Hace algunos años acudí por casualidad a la panadería Varas de Villamuriel, otro de los lugares adonde, desde entonces, suelo peregrinar en busca de un buen pan o de un buen pastel. Me encanta recorrer la antigua carretera comarcal que une Palencia con Villamuriel, respirar el aire de esos abetos iniciales que decoran los márgenes, observar los cerros, dejarme llevar por la rectitud, acariciar los campos con la mirada, contemplar los bellos chalets apostados junto a la carretera y, finalmente, meterme en el casco urbano paladeando su atmósfera pura de pueblo cercano. Allí encuentro a mis amigas las panaderas, un encanto por siempre sonrientes y conformes con la vida, con los ojos brillando de alegría. Cuando llego he de preguntar, como es preceptivo siempre que hay gente, quién es el último, y, en el interludio, miro y converso, paso el tiempo de espera socializándome con los otros, con los congéneres, con esos que también comparten el pan de cada día porque, ya lo he dicho, es una hostia que une.

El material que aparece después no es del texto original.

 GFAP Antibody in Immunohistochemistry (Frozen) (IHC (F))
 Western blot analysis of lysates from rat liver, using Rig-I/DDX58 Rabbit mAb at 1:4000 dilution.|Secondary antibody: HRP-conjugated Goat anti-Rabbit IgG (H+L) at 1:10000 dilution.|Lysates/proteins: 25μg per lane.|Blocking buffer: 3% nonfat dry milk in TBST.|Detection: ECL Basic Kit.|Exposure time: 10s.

Un buen día que los Antón me invitaron a comer en Vertavillo me encargaron que buscara al panadero de Cevico, el cual deambulaba por las calles con la furgoneta. Le busqué por las intrincadas calles de este inmenso pueblo palentino y le encontré. Me hice amigo entonces de Julián, le sorprendí vendiendo el pan por las calles, nómada, siguiendo la inercia del movimiento y la llamada de los vecinos asomados a las puertas. Es un tipo llano que te cuenta las cosas y que te sonríe, que le gusta vivir donde vive, es decir, en el pueblo. Ahora le veo alguna vez por Palencia con su furgoneta, y alguna vez me regala alguna torta sabrosa de esas que él hace o incluso me dice que la coja yo mismo, con confianza, de la propia furgoneta, lo cual es un lujo para el paladar y para la buena sociedad de quien, como quien escribe, se siente satisfecho haciendo amigos. En algunas tiendas de la capital pueden leerse letreros que indican que se vende pan de Cevico, pan de Julián, -me digo-, pan al que puedo unir la imagen de un hacedor, de un pequeño Dios para cosa tan sagrada.
Todo empezó hace muchos años cuando unos parientes asturianos me hicieron ver que el pan de Palencia era algo grande y cuando mi padre aparecía por casa sonriente y con un pan bajo el brazo.